Annual depreciation: $80,000/27.5 = $2,909

Each year your basis in the building will lessen by $2,909.  

This amount is subtracted from income to determine the income amount you owe taxes on.

Accelerated Depreciation

In order to accelerate the depreciation of you building, you must have a cost segregation study performed by specialist, engineers & accountants.  They will walk the entire property, document all the components, and classify element, light switches, carpet, toilets, faucets, nail, screw, etc. into different categories representing varying life expectancies.  

The result is instead of taking 27.5 years to fully expense an item, you can do so in 5, 7 or 15 years.

Residential Property

Purchase price: $100,000

Est value of land: $20,000

Est value of building: $80,000

Yonah’s estimates approximately, 30% of the building value gets reclassified into shorter depreciation schedules versus straight line.  Conservatively, experience suggest:

In general up to 20% of the building may qualify for the 5 year classification.

Another 10% is classified as 15 year.

Balance 70% remains in 27.5 year schedule.

Cost Segregation Study first year depreciation:

$80,000 x .20 = $16,000

$16,000/ 5 years = $3,200/ yr for 5 years

$80,000 x .10 = $8,000

$8,000/ 10 years = $800/ yr for 10 years

$80,000 x .70 = $56,000

$56,000/ 27.5years = $2,036/ yr for 27.5 years

1st year depreciation: $6,036

This represents 207% of the straight line option.

As the property value increases, so does the value of the cost segregation and increased depreciation.  

When to do Cost Segregation

The time to do a cost segregation study is as soon as you buy or build a real estate investment.  This gives you the maximum potential benefit. This does not mean you are too late if you have owned the property for a number of years, as there may still be an opportunity for savings.  If this is the case, you can amend your tax returns and reduce your tax liability.


Each week I ask my guest, “What is the Biggest Risk Real Estate Investors face?”  

BIGGEST RISK:  I think more than anything in my experience and that risk is actually arrogance. OK so what I mean by that is when you are thinking that you’re going about and you’re making a million dollars and making 10 million dollars and it’s all you you you you’re right. You did it all. You know there is a certain when you start thinking like that you get into a very dangerous situation not just with yourself personally with the people around you. And everyone knows that real estate investing is really a team sport. And there are so many people that are involved. So when you think, just about yourself, and think about how you did it all by yourself and how great I am. And obviously that’s important. I’m not talking about you know low self-esteem here. But real humility means that I’m willing to cooperate and willing to learn from everyone around me.
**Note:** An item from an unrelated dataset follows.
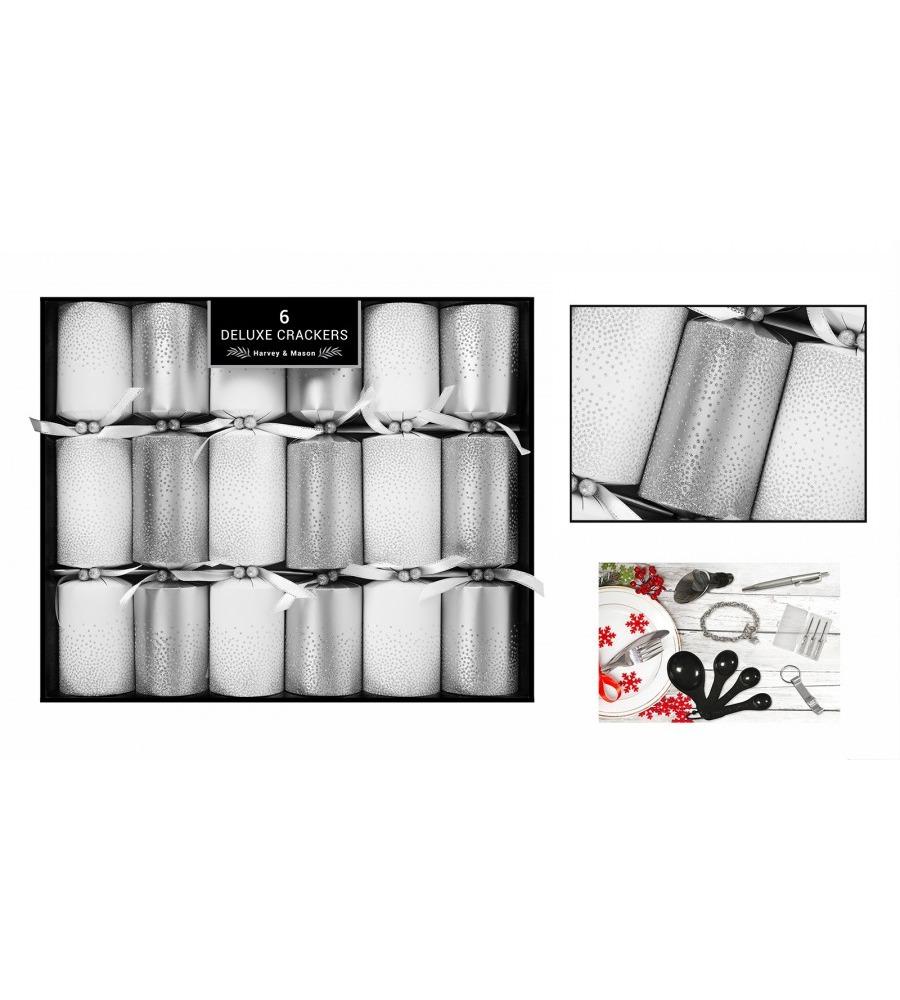 Harvey & Mason Deluxe Christmas Crackers Silver Scatter 6pcs H34cm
How to manage the risk:  I realize that I can’t do this on my own I realize that you know whatever talents I have you know are really God given gifts and I have to be grateful for that and recognize recognize that and use them. But at the same time don’t think that you know I’m I’m the best thing in the world because that’s the biggest risk. As soon as you start thinking that history proves itself over and over and over again, you’re bound to fail and you’re bound to lose whatever you have built you lose whatever friends you made et cetera. And it’s just the easy way to lose friends in general. So that’s what I think the biggest risk is.